Are you participating in the composing of your bands material or you're just a performer? How important is it for an artist to be able to express himself? I mean, if for example you were in a band only for performing someone else's musical themes…would you handle it not participating…not being able to express yourself?

So far, I have been just a performer, even if in all the albums I've recorded I had freedom to make some changes and some interpretations. If you want to become a session player, it is extremely important that you learn how to restraint your urge of interpret a part or make any changes, even though many famous session player are required to interpret or make changes because of their creativity.

Have you ever run out of ideas while composing a new album? How did you fight it? What was the solution?

I've never really run out of ideas when writing, but it happened that I didn't know how to go on with a song. In that case, I listen to something else and wait a little time before I get back to the song. That helps me a lot. Lately I've started to write soundtrack oriented kind of music and I find it to be an awesome way to compose music, for me.


Do you have endorsements? Do you think endorsements are important for an artist?

I have an endorsement with Mayones Guitars and Dogal Strings. Endorsements are important. If you can get to endorse quite an important company, that helps you to gain visibility. You may get to showcase at a trade fair or do some clinics and appear on websites or magazines. Getting an endorsement requires a great work of self-management. Prepare yourself.

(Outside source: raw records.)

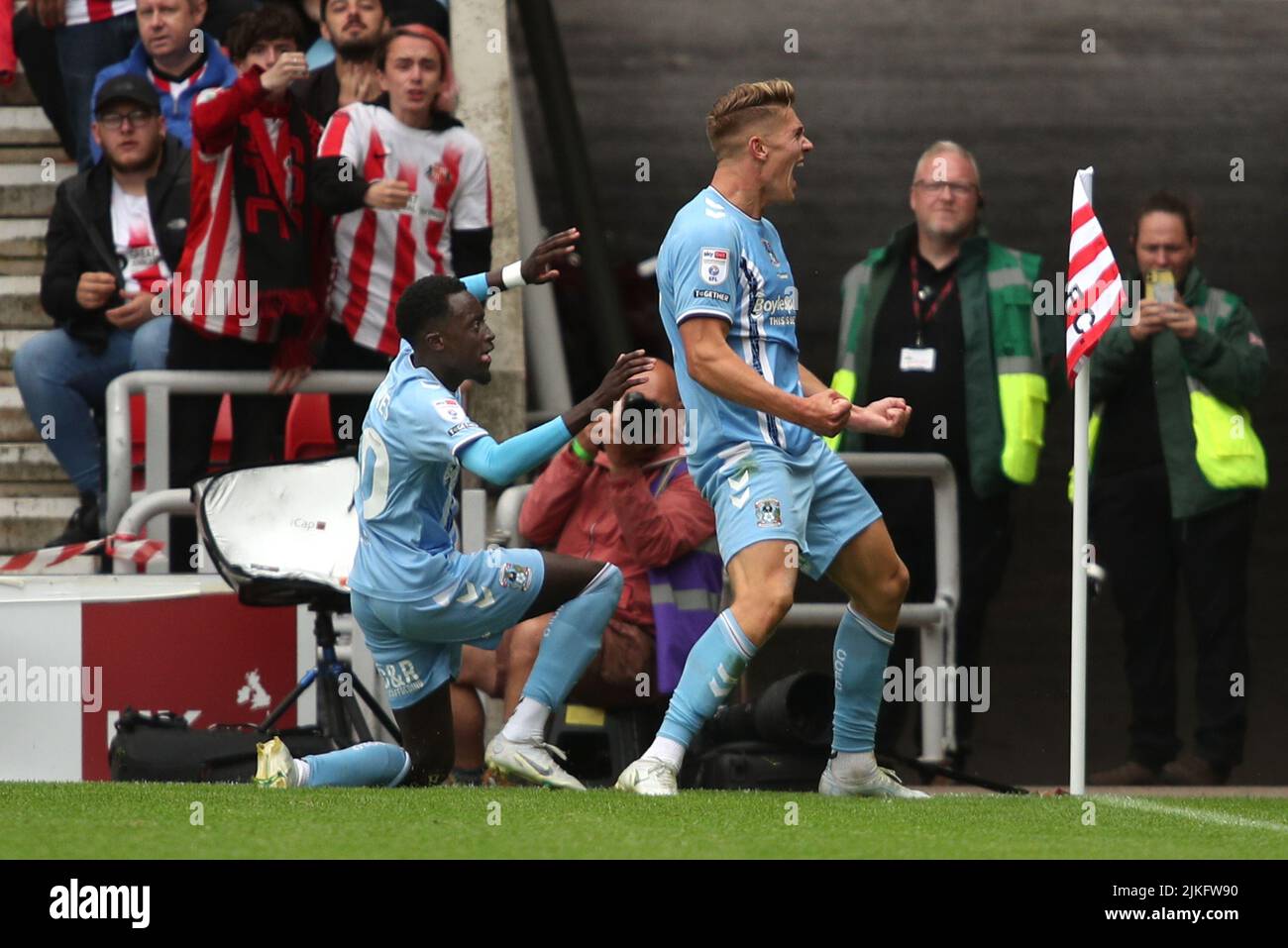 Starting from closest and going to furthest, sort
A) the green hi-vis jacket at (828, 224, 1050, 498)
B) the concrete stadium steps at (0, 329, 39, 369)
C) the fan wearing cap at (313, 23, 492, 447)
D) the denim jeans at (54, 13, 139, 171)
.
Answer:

In all the years that you've been playing did something go totally wrong during a concert of yours? If yes, what was it. Please go ahead!

Quite a few things can happen! As far as I'm concern, one time my effects stopped working, but that was not a big deal, as I had my dry sound to work fine. Another time my power amp stopped working in the middle of a song. I had no sound at all. Luckily I could use the gear of the guitarist of the band who was touring with us and I could finish the show. So, anything can happen. Be prepared for the worse and never look mad. The audience hates that!

Ok then…thank you for answering these questions. One last thing now! Who is the guitarist that you admire or that you would like to "punish" by have him answering these same questions?

Thanks again and good luck with your project(s).

Well, I'll answer again that there so many musicians I admire that I can't list all of them. It was a pleasure to answer these questions for you. Thank you!